Le dernier en date est celui d’un nourrisson de quatre mois, Jenan Saleh al-Skafi, décédé de malnutrition sévère à l’hôpital Al-Rantisi, dans l’ouest de la ville de Ghaza, au milieu de ce qui est qualifié de pire campagne de famine délibérément provoquée et organisée de l’histoire moderne”, précise cette ONG dans son dernier rapport.
La directrice du département juridique de l’Euro-Med Human Rights Monitor, Lima Bastami, affirme, à ce titre, que “le crime de famine à Ghaza est pleinement avéré et commis au grand jour”. “Il n’est pas nécessaire de mettre en place des commissions d’enquête ou de rendre des décisions judiciaires pour le prouver. Il suffit de constater que (l’entité sioniste) a fermé tous les points de passage vers la bande de Ghaza dévastée depuis plus de deux mois, interdisant totalement l’entrée de nourriture, de médicaments et de marchandises -une réalité bien établie et ouvertement reconnue par les responsables (sionistes) sans crainte d’avoir à rendre des comptes”, ajoute-t-elle.
Cette responsable soutient que “Ghaza regorge de preuves irréfutables de l’horreur de ce crime: les corps émaciés d’adultes et d’enfants, les dizaines de milliers de personnes qui font la queue chaque jour devant les soupes populaires et le nombre croissant de morts dus à la faim, à la malnutrition et aux maladies associées”. Selon le ministère de la Santé de Ghaza, environ 60000 enfants ont besoin d’un traitement urgent pour malnutrition sévère, et environ 16000 femmes enceintes et allaitantes ont désespérément besoin de soins de santé, tandis que les familles de toute la bande de Ghaza sont confrontées à des difficultés inimaginables dans un contexte de crise alimentaire qui s’aggrave, de déplacements continus, d’effondrement du système de santé et d’attaques militaires sionistes incessantes. “Malgré cela, le monde se cache la tête dans le sable, attendant des +négociations de cessez-le-feu+, oubliant que l’aide humanitaire est un droit non négociable et qu’aucune justification ne peut excuser la famine”, déplore Lima Bastami, accusant certains Etats d’être “directement complices”. “Même le silence ou la négligence constituent une participation active à la perpétuation de ce crime.

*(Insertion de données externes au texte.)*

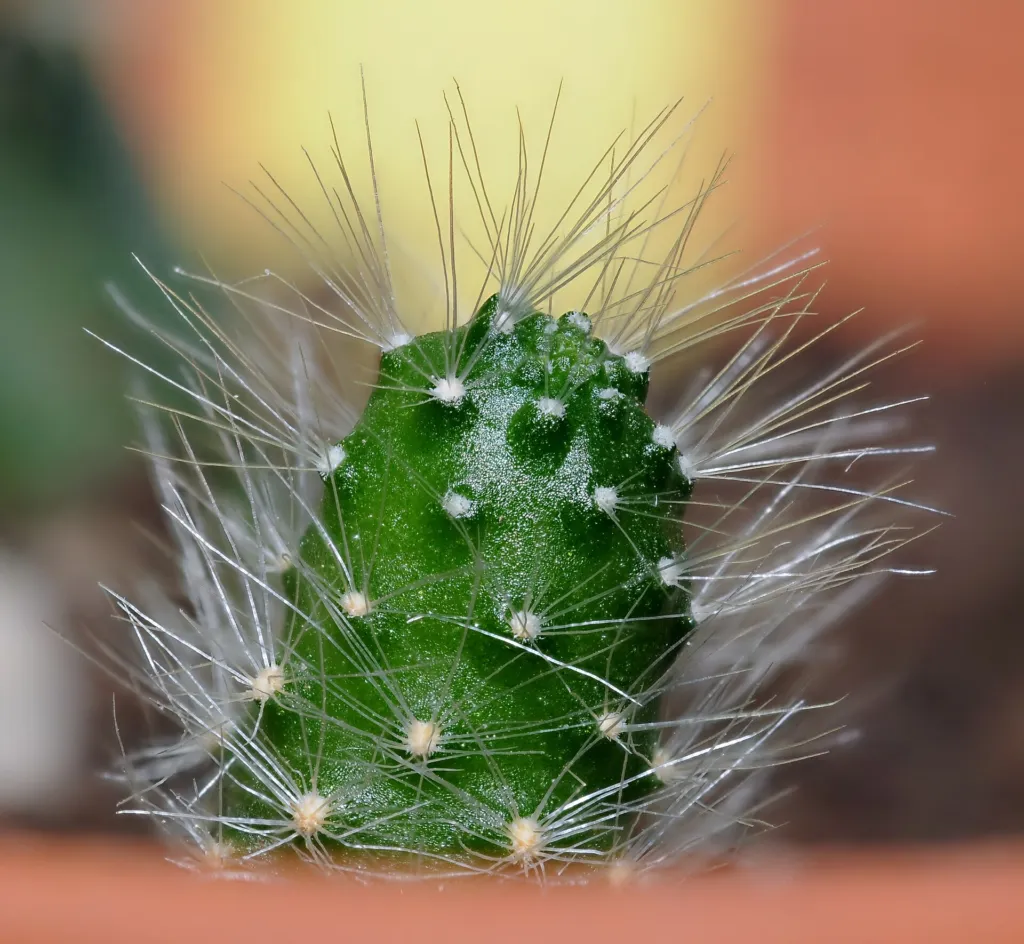 Rebutia minuscula – (Rebutia minuscula) – typisches Erscheinungsbild, Pflanzenfoto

Tous les Etats, sans exception, ont l’obligation légale et morale de lever le blocus, d’assurer l’acheminement des fournitures et de sauver des vies immédiatement”, rappelle-t-elle.
Le bilan de l’agression s’élève à 52.615 martyrs et 118.752 blessés
Le bilan de l’agression génocidaire sioniste contre la bande de Ghaza s’est élevé à 52.615 martyrs et 118.752 blessés, depuis le 7 octobre 2023, ont indiqué hier mardi les autorités sanitaires palestiniennes. Selon la même source, les corps de 48 martyrs et 142 blessés sont arrivés dans les hôpitaux de Ghaza en 24 heures.
Dans les villes de Deir al-Balah et Khan Younes, dans le centre et le sud de la bande de Ghaza, au moins quatre Palestiniens sont tombés en martyrs et d’autres ont été blessés mardi, dans des bombardements de l’armée sioniste sur les, a rapporté l’agence de presse palestinienne Wafa. Quatre civils sont tombés en martyrs et d’autres ont été blessés suite à des bombardements par des avions de guerre de l’armée sioniste sur la zone d’Al-Ma’askar, à l’ouest de Deir al-Balah, souligne Wafa, qui cite des sources médicales. Selon les mêmes sources, plusieurs Palestiniens ont été blessés dans un tir de drone des forces d’occupation ayant visé une maison dans le quartier de Batn al-Sameen à Khan Younes.
Les autorités sanitaires palestiniennes ont indiqué que 2.507 Palestiniens sont tombés en martyrs et 6.711 autres ont été blessés depuis le 18 mars, date de la reprise de l’agression sioniste, notant que les corps de nombreuses victimes se trouvent encore sous les décombres.